Il primo luglio determina l'avvio dell'annata sportiva, ma ad Avellino è anche il giorno dell'anniversario. Nata nel 1° luglio 1948, denominata inizialmente Forza e Coraggio, affiliata nel 1950 alla Libertas Avellino e fusa con il CSI-Cestistica Irpina nel '66, la Società Sportiva Felice Scandone compie oggi 72 anni. Dopo 19 stagioni vissute in massima serie (dal 2000 al 2019), con l'autoretrocessione in Serie B, per l'impossibilità di rispettare i parametri Comtec vigenti in A e A2, il club avellinese è reduce da un'annata anonima in terza serie, chiusa al penultimo posto del girone D.

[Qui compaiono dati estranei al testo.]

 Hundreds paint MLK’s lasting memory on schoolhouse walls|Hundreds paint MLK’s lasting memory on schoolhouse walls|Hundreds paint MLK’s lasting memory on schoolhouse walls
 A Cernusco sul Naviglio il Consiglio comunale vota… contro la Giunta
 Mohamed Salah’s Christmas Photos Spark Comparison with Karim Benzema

Nei giorni scorsi, la gestione sportiva - e non la proprietà, che resta l'azienda Sidigas - ha saldato il lodo Sabatino completando l'iter relativo alle passività e garantendo l'ultimo passo utile per chiudere il registro 2019/2020 e per aprire quello dell'iscrizione al campionato 2020/2021. Come annunciato dal sindaco di Avellino, Gianluca Festa, la Scandone sarà gestita anche nella prossima stagione da Gennaro Canonico e Gerardo Santoli con il liquidatore, Luciano Basile. Non sono ancora esecutivi, ma la Scandone sarà chiamata a risolvere i BAT FIBA persi con Jason Rich e gli agenti dell'americano, Dan Tobin e Vittorio Ferracini, entro il prossimo primo agosto.

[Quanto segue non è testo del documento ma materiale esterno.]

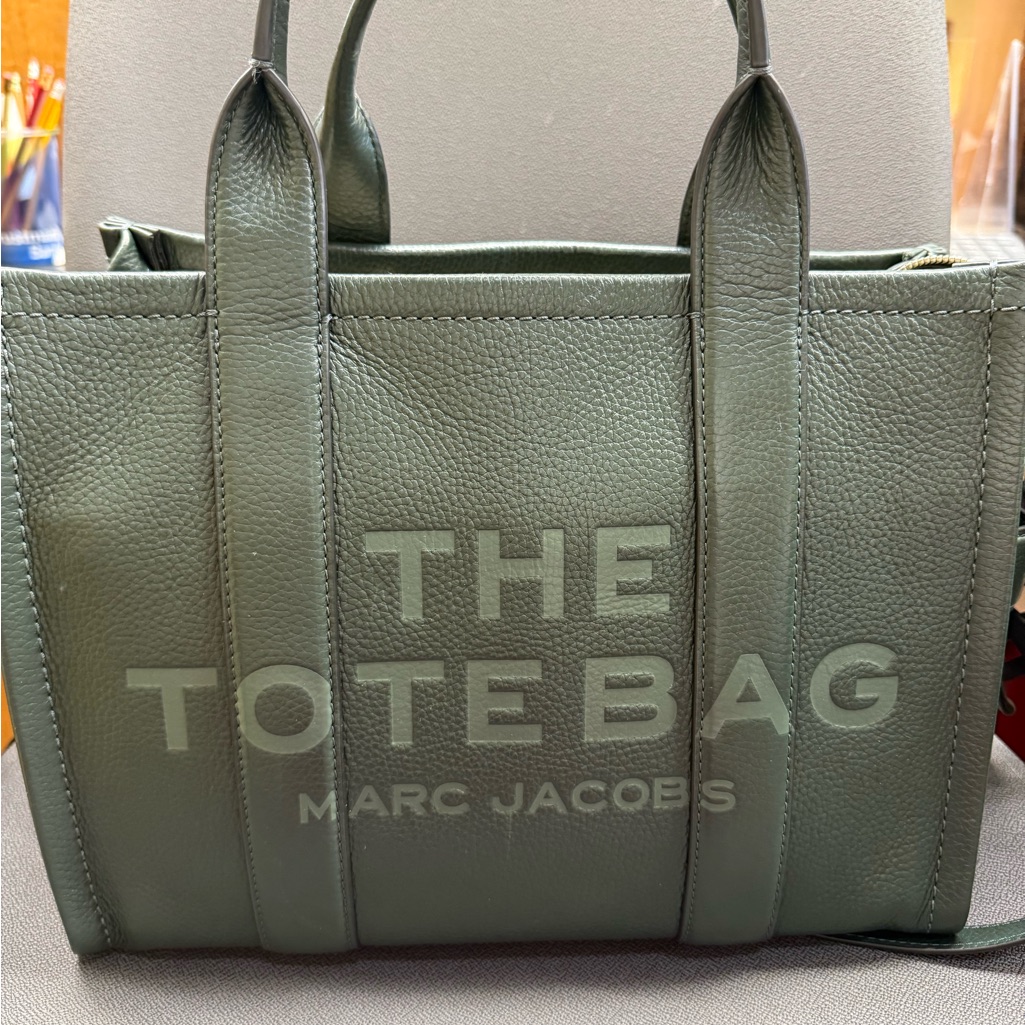 Marc Jacob’s Like New Condition. Carried 1 Month With Bag Insert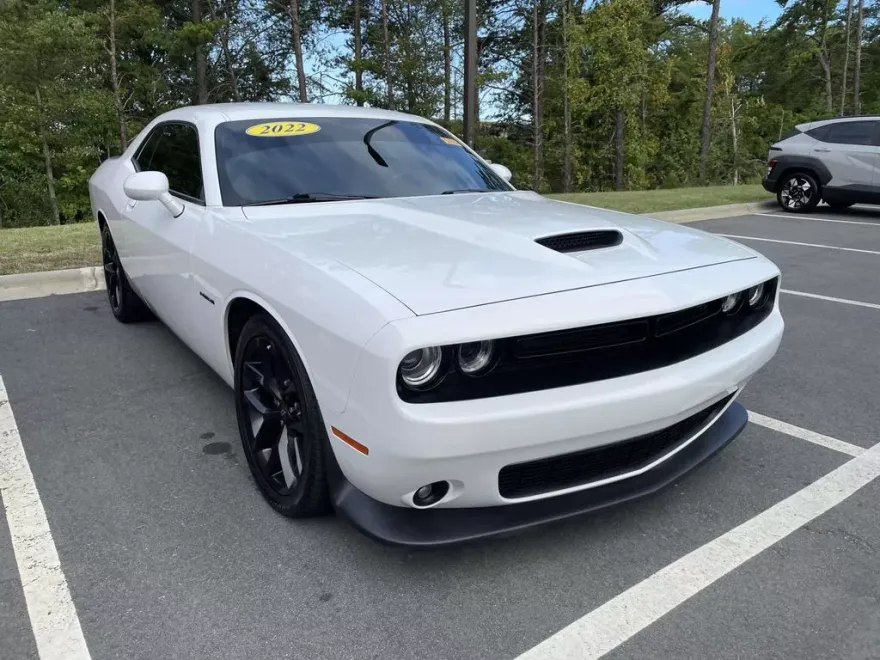 2022 Dodge Challenger R/T Plus photo 1
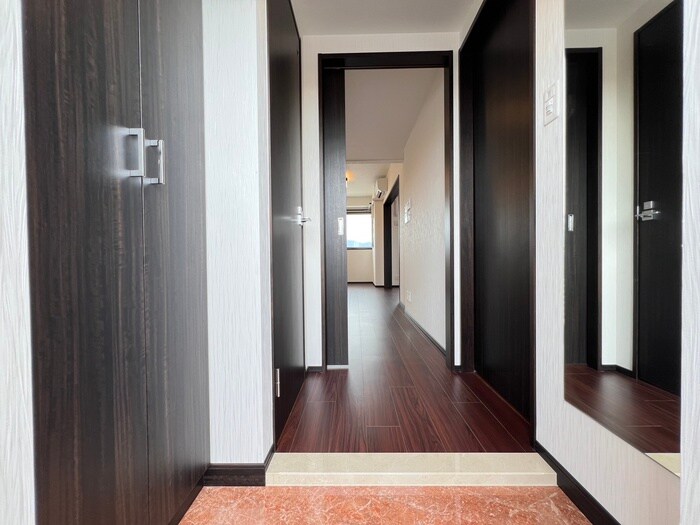 物件内観写真15　(廊下)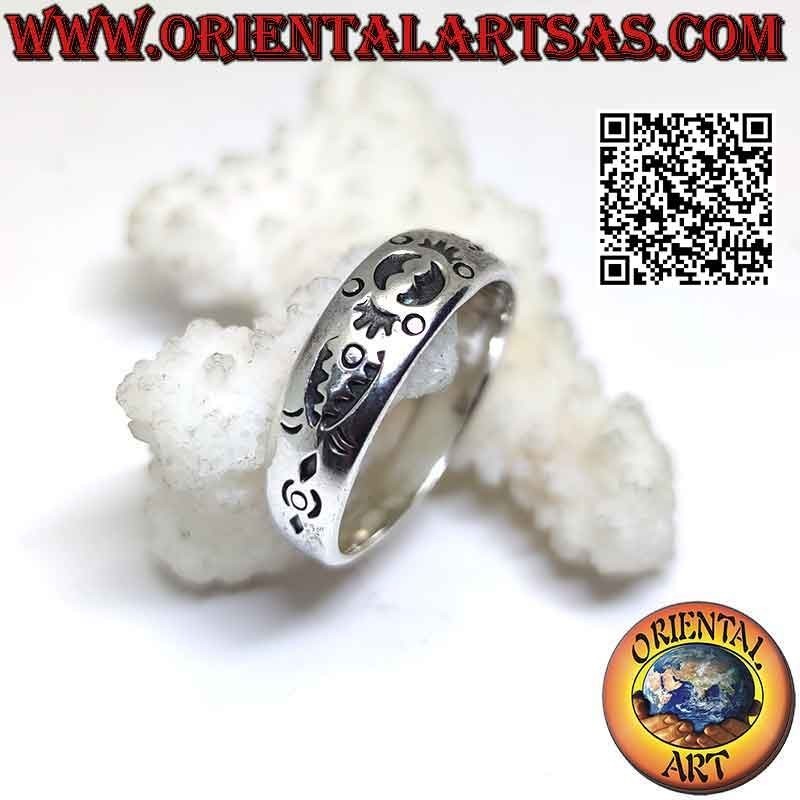 Anillo de banda de plata trabajado con decoración marítima maorí grabada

Intanto il club, che oggi compie 72 anni, risulta attiva sul mercato. Ha avviato contatti con alcuni giocatori e diversi coach si sono proposti per accomodarsi sulla panchina biancoverde. In pole per la gestione tecnica resta Gianluca De Gennaro. Il sindaco Festa ha più volte parlato di una conferma per l'allenatore avellinese, ma non sono esclusi colpi di scena. Potrebbe essere allestito un roster di buon livello per la categoria e chiamato ad inserirsi nella lotta promozione. Il prossimo autunno sarà comunque decisivo per la Scandone. La parte sportiva resta legata al gruppo Sidigas e l'evoluzione dell'azienda in tribunale toccherà il club. Avellino non può rischiare di lottare per il salto di categoria, che ad oggi non può avvenire per l'impossibilità di rispettare i parametri di controllo imposto dalla FIP.